Work instructions -> Write out, unaltered, each line from the top of the records below down to the line where "Obraz premium Soldier" appears, that line included.

Information shown ->
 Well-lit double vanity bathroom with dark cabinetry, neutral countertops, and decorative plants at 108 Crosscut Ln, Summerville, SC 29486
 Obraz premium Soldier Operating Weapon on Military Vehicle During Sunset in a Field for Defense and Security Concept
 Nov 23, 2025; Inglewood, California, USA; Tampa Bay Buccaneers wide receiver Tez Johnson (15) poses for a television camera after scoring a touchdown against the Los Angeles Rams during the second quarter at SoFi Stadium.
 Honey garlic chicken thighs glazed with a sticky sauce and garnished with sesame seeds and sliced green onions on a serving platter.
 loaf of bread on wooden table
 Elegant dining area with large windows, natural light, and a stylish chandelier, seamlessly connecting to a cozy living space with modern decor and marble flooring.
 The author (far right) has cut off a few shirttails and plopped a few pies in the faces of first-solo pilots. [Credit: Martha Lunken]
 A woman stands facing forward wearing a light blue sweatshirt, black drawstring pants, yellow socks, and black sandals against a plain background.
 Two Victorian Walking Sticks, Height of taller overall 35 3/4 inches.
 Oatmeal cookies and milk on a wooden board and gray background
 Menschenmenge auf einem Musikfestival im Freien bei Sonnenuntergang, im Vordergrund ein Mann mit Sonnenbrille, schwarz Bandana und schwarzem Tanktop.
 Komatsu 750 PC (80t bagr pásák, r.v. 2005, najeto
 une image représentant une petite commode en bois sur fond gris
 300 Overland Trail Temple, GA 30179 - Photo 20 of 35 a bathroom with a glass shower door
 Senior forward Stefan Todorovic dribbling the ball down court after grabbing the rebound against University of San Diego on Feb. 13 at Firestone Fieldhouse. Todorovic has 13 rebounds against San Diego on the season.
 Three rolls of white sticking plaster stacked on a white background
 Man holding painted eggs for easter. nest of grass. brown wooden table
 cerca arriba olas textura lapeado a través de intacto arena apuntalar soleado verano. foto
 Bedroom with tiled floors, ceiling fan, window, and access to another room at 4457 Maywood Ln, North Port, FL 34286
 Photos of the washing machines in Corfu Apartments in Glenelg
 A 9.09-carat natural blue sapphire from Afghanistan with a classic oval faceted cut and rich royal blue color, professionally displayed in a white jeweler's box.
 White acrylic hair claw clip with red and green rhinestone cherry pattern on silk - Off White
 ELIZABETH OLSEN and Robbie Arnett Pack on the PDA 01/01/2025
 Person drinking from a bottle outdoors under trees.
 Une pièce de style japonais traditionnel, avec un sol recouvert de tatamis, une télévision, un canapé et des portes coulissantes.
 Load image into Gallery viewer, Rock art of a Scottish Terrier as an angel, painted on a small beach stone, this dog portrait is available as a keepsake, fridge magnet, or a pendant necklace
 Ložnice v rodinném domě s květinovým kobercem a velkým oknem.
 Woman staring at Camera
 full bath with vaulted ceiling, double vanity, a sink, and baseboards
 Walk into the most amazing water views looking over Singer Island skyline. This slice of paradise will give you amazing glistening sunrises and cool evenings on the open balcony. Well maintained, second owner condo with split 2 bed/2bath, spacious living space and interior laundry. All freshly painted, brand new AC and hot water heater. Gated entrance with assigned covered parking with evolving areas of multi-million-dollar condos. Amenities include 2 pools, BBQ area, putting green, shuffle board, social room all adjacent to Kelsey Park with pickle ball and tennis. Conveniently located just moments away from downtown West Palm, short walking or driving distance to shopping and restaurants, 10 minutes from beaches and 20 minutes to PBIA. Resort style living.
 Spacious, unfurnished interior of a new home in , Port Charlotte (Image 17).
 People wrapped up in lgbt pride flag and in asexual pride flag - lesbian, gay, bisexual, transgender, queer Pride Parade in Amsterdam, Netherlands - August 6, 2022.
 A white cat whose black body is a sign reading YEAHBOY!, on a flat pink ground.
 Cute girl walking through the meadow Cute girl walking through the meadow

Answer ->
 Well-lit double vanity bathroom with dark cabinetry, neutral countertops, and decorative plants at 108 Crosscut Ln, Summerville, SC 29486
 Obraz premium Soldier Operating Weapon on Military Vehicle During Sunset in a Field for Defense and Security Concept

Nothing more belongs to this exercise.